As a Linux user who did not major in business, I bet your odds with Linux users would be markedly worse than with business majors on this one, hahaha


i understand what you are trying to say.

people mentioning android have forgotten that android hides many parts of linux. and manufacturers make sure your device hardware works well with the operating system.

other have mentioned relatives who are using linux on desktop. that they are doing limited activities such as browsing and emails. that's fair but the story of how they discovered linux would be the most interesting one.

which brings me to op's cs majors point. so many things have changed that we should not dismiss the claim but think about it.

do happenstances of the past still present themselves to people today. i discovered linux through a pc magazine back in the late 90s. pc magazines back then offered young people like myself at the time a way to try new things on the computer. and i did try everything.

what is the equivalent of that nowadays?


What? My mom has been using linux for 5 years and I don't think she even knows what windows or linux is. She calls her computer "the memory" or "that box".


>I will give $1000 to anyone who is willing to give their parent who doesn't know jack about computers Linux and tell them "figure it out." None of them will be able to do it.

My father is tech illiterate enough that he manually searches and navigates to the unemployment website each week rather than figure out bookmarks.

He's been on an Ubuntu laptop a friend gave him since late last year. I kept expecting to have to walk him through it, but it hasn't happened yet.


I used to work in a small computer shop and there were some (presumably) 60-70 year olds who I wouldn't consider to be computer literate in the least running Ubuntu and even other distros. There were at least a couple people who refused to use any other OS including Windows. One such customer always referred to their beloved Ubuntu as "Ukabuntu" for some reason.


I did do the same with my father-in-law, about ten years ago. I installed Ubuntu on his laptop and he used it for work (photo editing, writing articles, etc.) without any complaints until he got a new one from work a few years later.


I honestly don't think giving my parent who didn't know jack about computers Windows and telling them to figure it out would be a necessarily pleasant alternative either.

How about we show some compassion and take time to help people around things, especially when they are people we care about and things we care about as well?


every Android phone runs Linux...


Which isn't part of the public APIs,

https://developer.android.com/ndk/guides/stable_apis


I'm not really sure what your point is

the NT native kernel API is also undocumented


Exactly, that is why applications that don't want to break with each OS update don't touch those APIs, making them irrelevant for application developers.

Also, contrary to Windows, since Android 7, applications that link to undocumented APIs get terminated as security measure.
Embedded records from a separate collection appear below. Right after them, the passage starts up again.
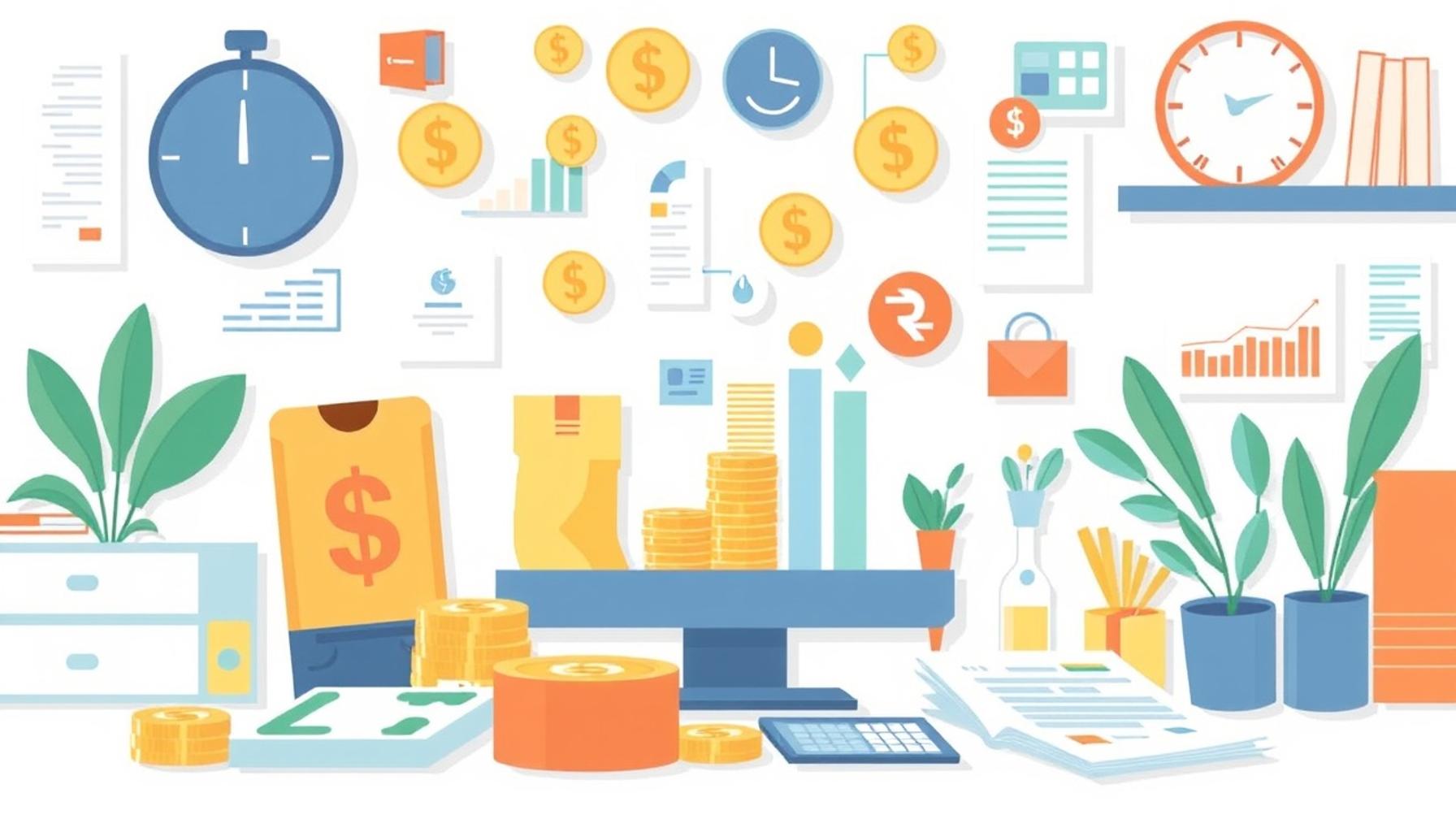 Digital Minimalism: Creating an Organized Virtual Environment Free of Distractions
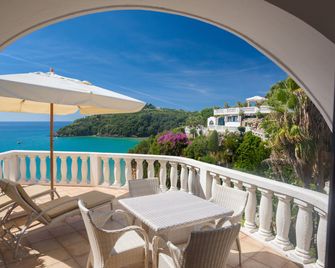Grand Hotel Le Rocce - Gaeta - Balkon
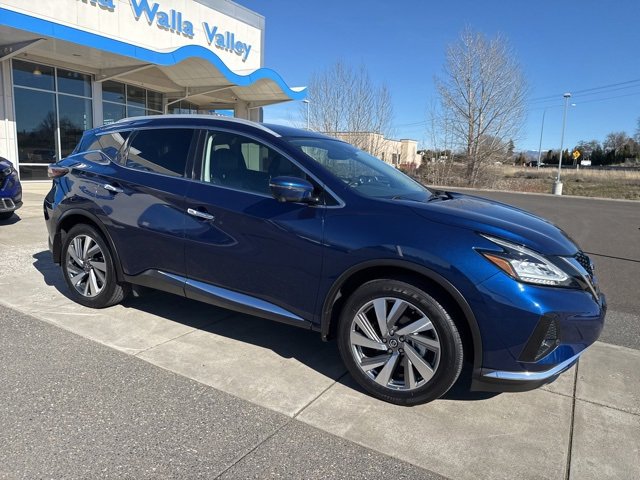 Used 2021 Nissan Murano SL image 2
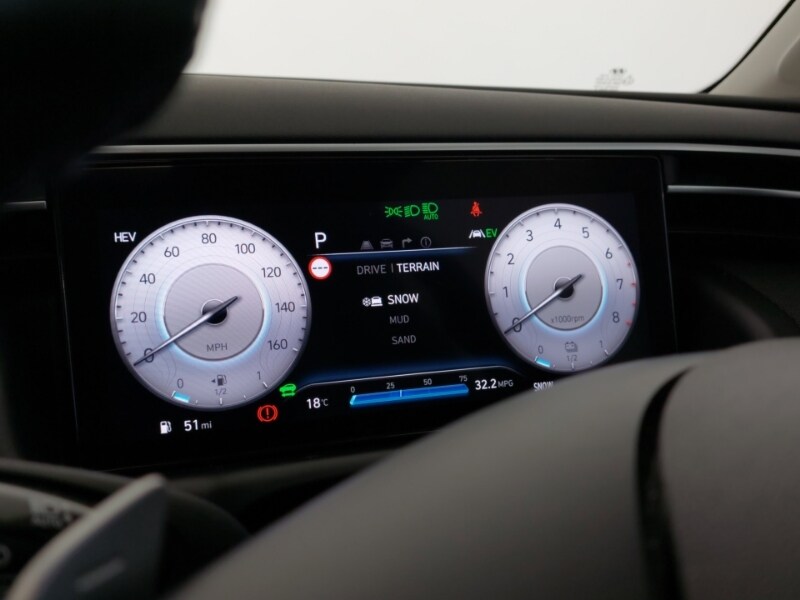 Used Hyundai TUCSON 2022 for sale - 77491470: Photo 15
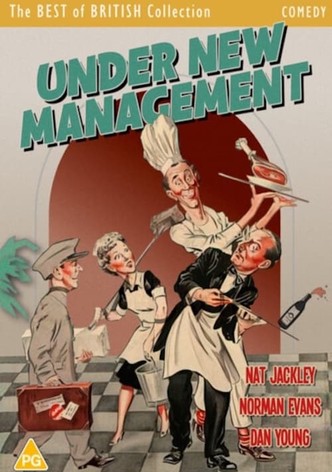 Under New Management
Ask the termux guys how much fun they are having by refusing to acknowledge the fact that they have to use JNI and not Linux syscalls for their stuff.


> Also, contrary to Windows, since Android 7, applications that link to undocumented APIs get terminated as security measure.

"undocumented" has nothing to do with it

there is a sandbox, syscalls are checked by seccomp and those not explicitly permitted will result in termination of the application

it doesn't care where the syscall comes from, be that libc, golang style, or calling svc #0 yourself

additionally: the kernel is open source... there are no "undocumented" syscalls

this also has nothing to do with the original point


Sure it has, because it doesn't matter if it is open source or not, if it is a stable API described on the NDK documentation it is not allowed.

Something that termux guys are having some issues to swallow, regarless of Linux being the kernel, it is not allowed to do what they want, wrapping Java APIs via JNI is the only allowed way.